● **Directions**: The output should match, line for line, the records from the line containing "CABC1 Antibody (monoclonal) (M03A)" through the line containing "Gato raça SRD-ViraLata", with every picture left out.

● **Records to process**:
Start of Block

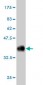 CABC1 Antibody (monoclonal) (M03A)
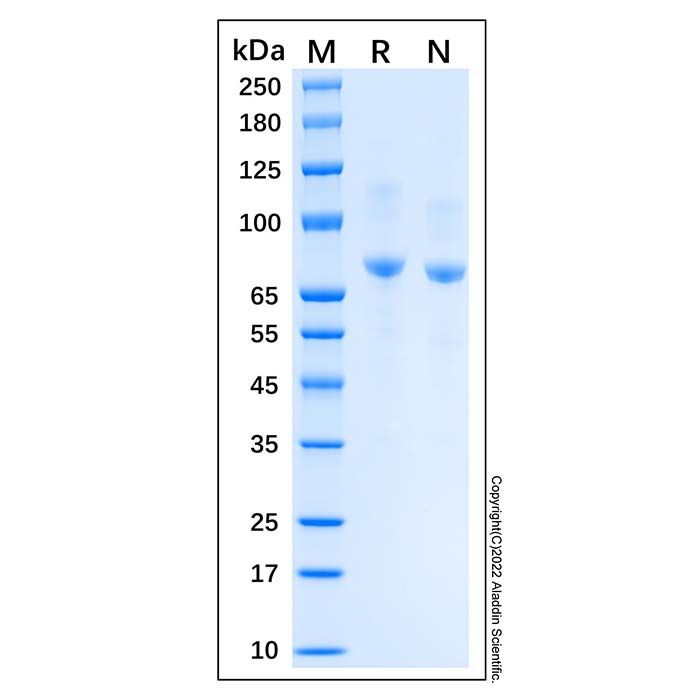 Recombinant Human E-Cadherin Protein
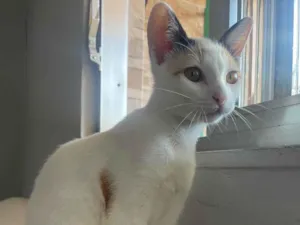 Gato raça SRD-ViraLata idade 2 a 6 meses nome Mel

End of Block
Start of Block

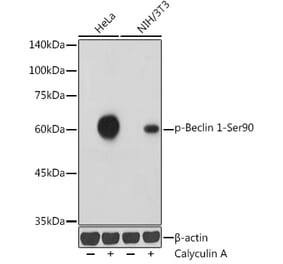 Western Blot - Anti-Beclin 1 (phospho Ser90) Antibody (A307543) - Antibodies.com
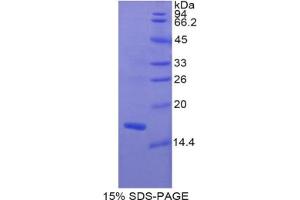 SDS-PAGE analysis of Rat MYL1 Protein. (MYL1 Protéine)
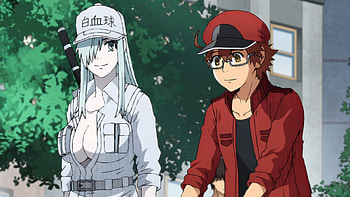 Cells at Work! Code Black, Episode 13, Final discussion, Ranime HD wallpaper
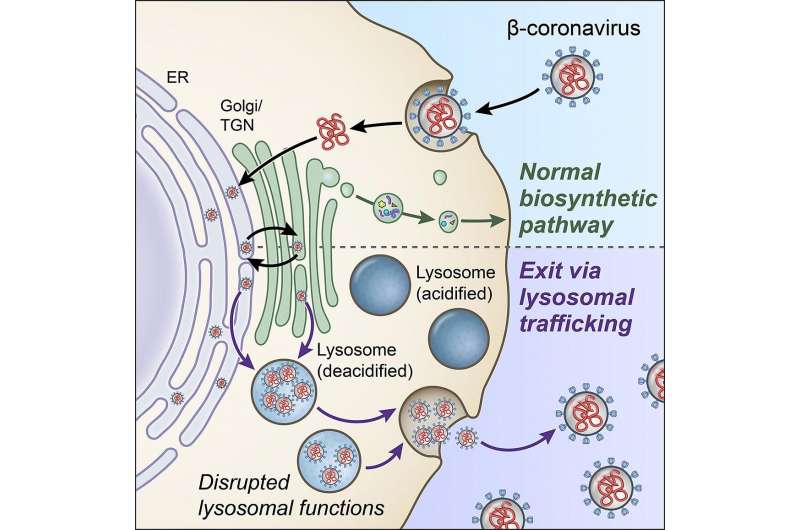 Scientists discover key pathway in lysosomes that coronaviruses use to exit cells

End of Block

● **Exercise response**:
 CABC1 Antibody (monoclonal) (M03A)
 Recombinant Human E-Cadherin Protein
 Gato raça SRD-ViraLata idade 2 a 6 meses nome Mel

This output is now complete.